Japan Hit by 5.3 Magnitude Earthquake

Local residents wade through a flooded residential area, the result of the Kinugawa river overflowing, in Joso, Ibaraki prefecture, Japan, September 11. Issei Kato/Reuters

A magnitude 5.3 earthquake hit the south coast of Japan early Saturday morning local time and was felt in the capital Tokyo, according to the Japanese Meteorological Agency (JMA).

The agency said the earthquake does not pose a tsunami risk. In March, 2011, a magnitude-9 earthquake off the country's coast triggered a tsunami, killing thousands and destroying hundreds of thousands of homes.

The U.S. Geological Survey (USGS) Earthquake Hazards Program, which measured the quake's magnitude at 5.4, said the epicenter of the earthquake is 20 miles southeast of Tokyo and seven miles away from the city of Ichihara.
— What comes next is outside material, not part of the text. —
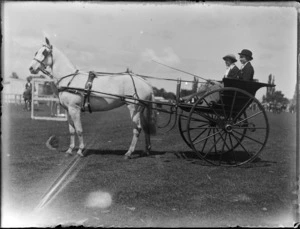 Two women at the races riding in a horse drawn buggy, Puketapu, Hastings, Hawke's Bay District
Tokyo experienced the some of the largest shocks from Saturday's earthquake, the JMA said.

Earlier this week more than 100,000 people were evacuated from their homes in Japan after an unprecedented bout of rain led to flooding and landslides.

According to USGS, since 1900 there have been nine earthquakes in Japan and four in Taiwan that have caused more than 1,000 fatalities each, resulting in more than 200,000 earthquake-related deaths.

This is a developing story and will be updated once more information becomes available.